If remove this line it will work fine.
Isaiah said:
10 years ago
1'st iteration printf get crashed due to null access. So need to add answer option with "system get crashed".
Vignesh M said:
10 years ago
Why Linux compiler give segment fault?
Abhishek said:
10 years ago
Hello guys, all the explanation is wrong regarding GCC.
Because here string is constant so we can't change the string content so here segmentation is dump because *x = x[5] of this.
We are trying to change a constant string which we can't do so output is segmentation fault.
Because here string is constant so we can't change the string content so here segmentation is dump because *x = x[5] of this.

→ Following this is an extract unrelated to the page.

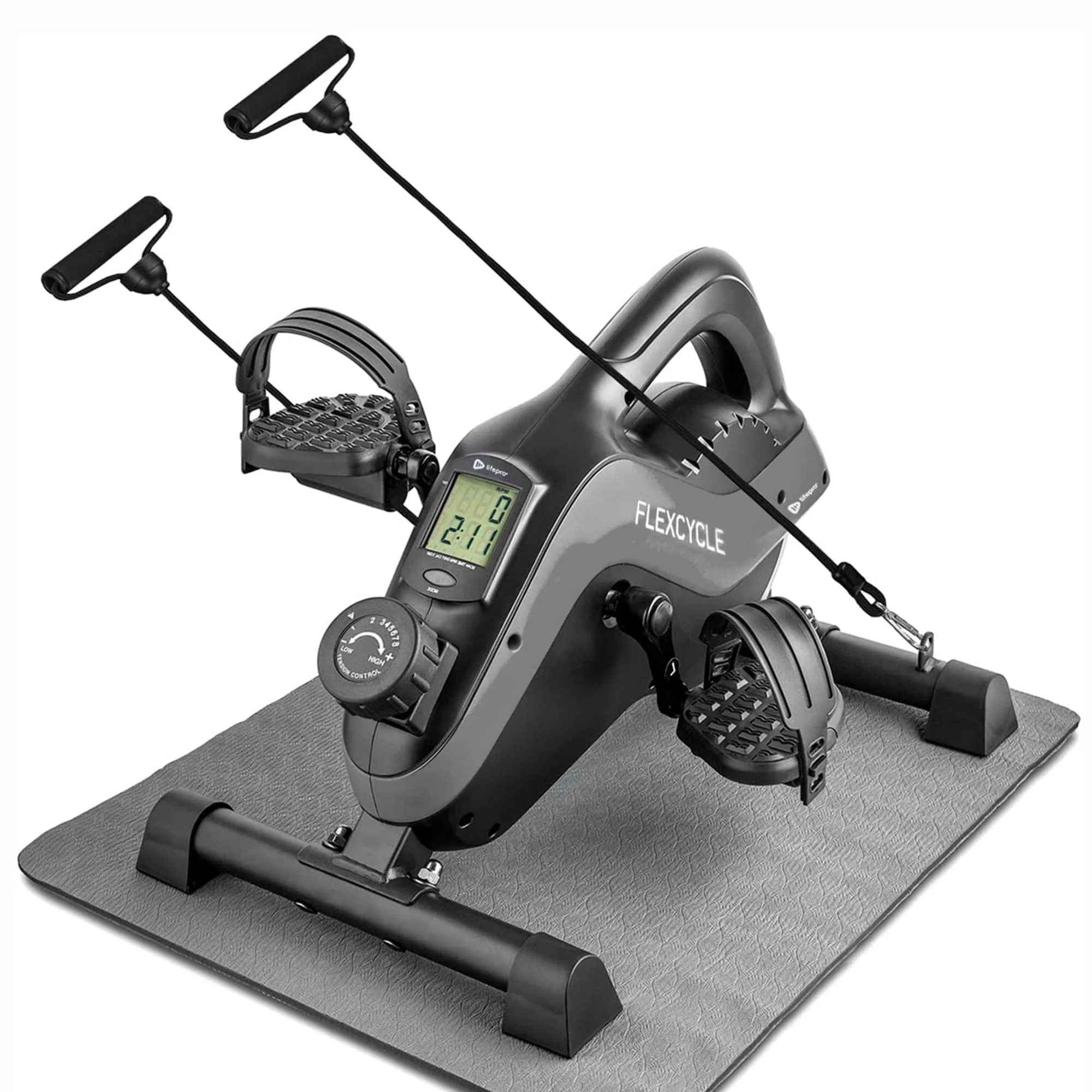 Lifepro FlexCycle Stationary Bike Pedal Exerciser Under Desk Workout Equipment, Gray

We are trying to change a constant string which we can't do so output is segmentation fault.
Priya said:
10 years ago
Am getting option C while compiling. Please help me with right answer.
Devi said:
10 years ago
In gcc it gives segmentation fault because of 4th line.
Rahul said:
1 decade ago
*x=A, n=5, so *x=x[5] will replace A with '\0' so new string will be. '\0lice so first iteration will not print anything because of \0 first. Next iteration lice will print.ice.ce.e will be printed.
Jakir said:
1 decade ago
Its giving segmentation fault.
Ankitjain said:
1 decade ago
Just check in ubuntu if you put comment on line *x = x[n] then only you can got output.
Deepak S said:
1 decade ago
What is the last printf("\n", x) doing here?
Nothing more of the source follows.